◆ **GIVEN DATA**:

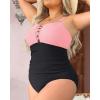 imageYonique Women Plus Size One Piece Swimsuits Tummy Control Bathing Suits Vintage SwimwearPink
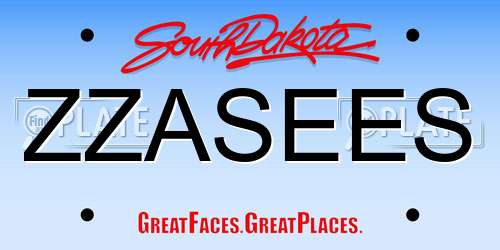 ZZASEES South Dakota License Plate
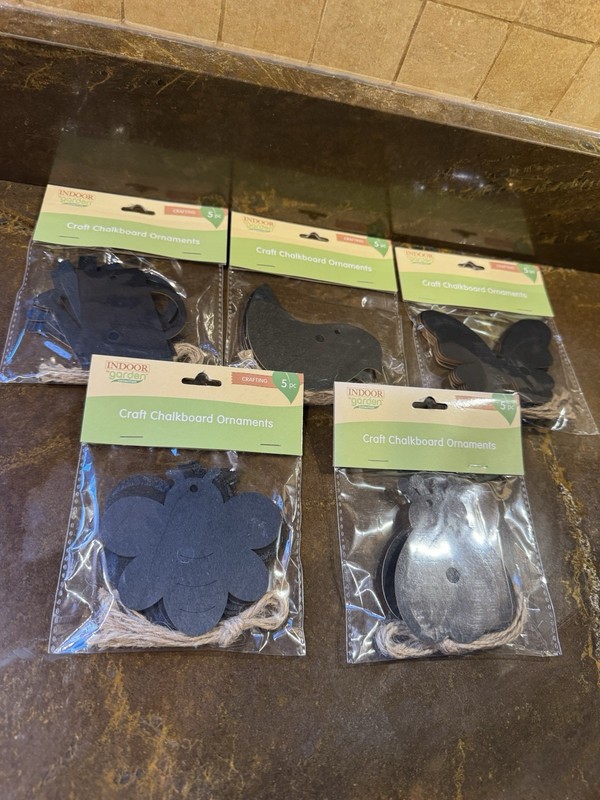 Mixed lot 5 pkgs Craft Chalkboard Ornaments by Indoor Garden 5pcs each/25 total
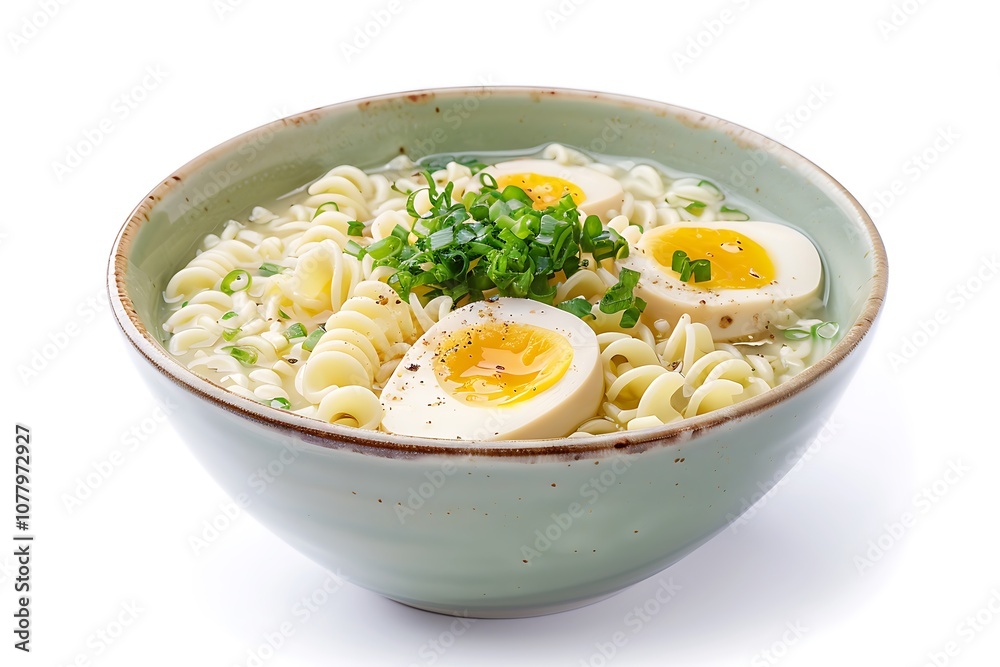 Ramen soup with boiled eggs and parsley isolated on white background Ramen soup with boiled eggs and parsley isolated on white background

◆ **GOAL OF THE EXERCISE**: Give back the full listing above word for word, and let no picture through.

◆ **RESPONSE TO THE EXERCISE**:
 imageYonique Women Plus Size One Piece Swimsuits Tummy Control Bathing Suits Vintage SwimwearPink
 ZZASEES South Dakota License Plate
 Mixed lot 5 pkgs Craft Chalkboard Ornaments by Indoor Garden 5pcs each/25 total
 Ramen soup with boiled eggs and parsley isolated on white background Ramen soup with boiled eggs and parsley isolated on white background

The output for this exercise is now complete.